The unstable tone of the film shows in its humour as well. There’s the relatively highbrow humour of conversations between Austin and Cassandra. And there’s the bumbling, face-in-toilet sort provided by Ajibade’s half-baked conman. To my mind only one succeeds within the film. And it is the highbrow one. This tells all we need to know about which side our director has invested his time.
As for the acting, Ighodaro is competent as a drunken brat. She may not even be acting, as she doesn’t have to do much or be less of the moneyed middle class than she is in real life. Ramsey serves us Recent Ramsey who, it must be said, can phone in a good-enough performance. Gideon Okeke, though, is implicated, and it is through him that the trouble with the film is best expressed.
Okeke’s suave guy playing hustler is a little on the nose; he never lets go of a certain self-regard typical of unsure actors playing a character beneath their station. But he shares only a part of the blame. That he is in a film craving grit is a flaw of casting. Were Taylaur and crew truly invested in the rougher edges of Lagos, they may have sought a few unknown faces in the starring line-up, fresh faces audiences can come to free of preconceived notions—say, similar to what C.J Obasi did with O-Town. Instead, they want celebrity and an assurance of box-office returns. So in place of authenticity, we get a reunion of the guys on Tinsel.
Still, Okeke’s turn here, it must be said, is more successful than it was in Steve Gukas‘s A Place in the Stars. But his lack of conviction is palpable. Surely his heart is in the right place. He wants to be great, to be versatile. But at the moment, his acting is stuck on television.

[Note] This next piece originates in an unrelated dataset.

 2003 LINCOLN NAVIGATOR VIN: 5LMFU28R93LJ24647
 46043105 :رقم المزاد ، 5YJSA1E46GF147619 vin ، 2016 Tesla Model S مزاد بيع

Tinsel is Gideon Okeke’s baggage. Greed and indecision—shown here as wanting to have his gritty cake and eat it with glamour topping—are Walter Taylaur’s. Inevitably, Gbomo Gbomo Express fails both social classes by patronising one and condescending to the other.
This is especially a failure because the rich don’t need patronising—at the end of a bad day they can dab at their tears with wads of cash. The poor, on the other hand, don’t need condescension—they were doing the best they could, way before Taylaur and company showed up, clever camera and shaky script in hand.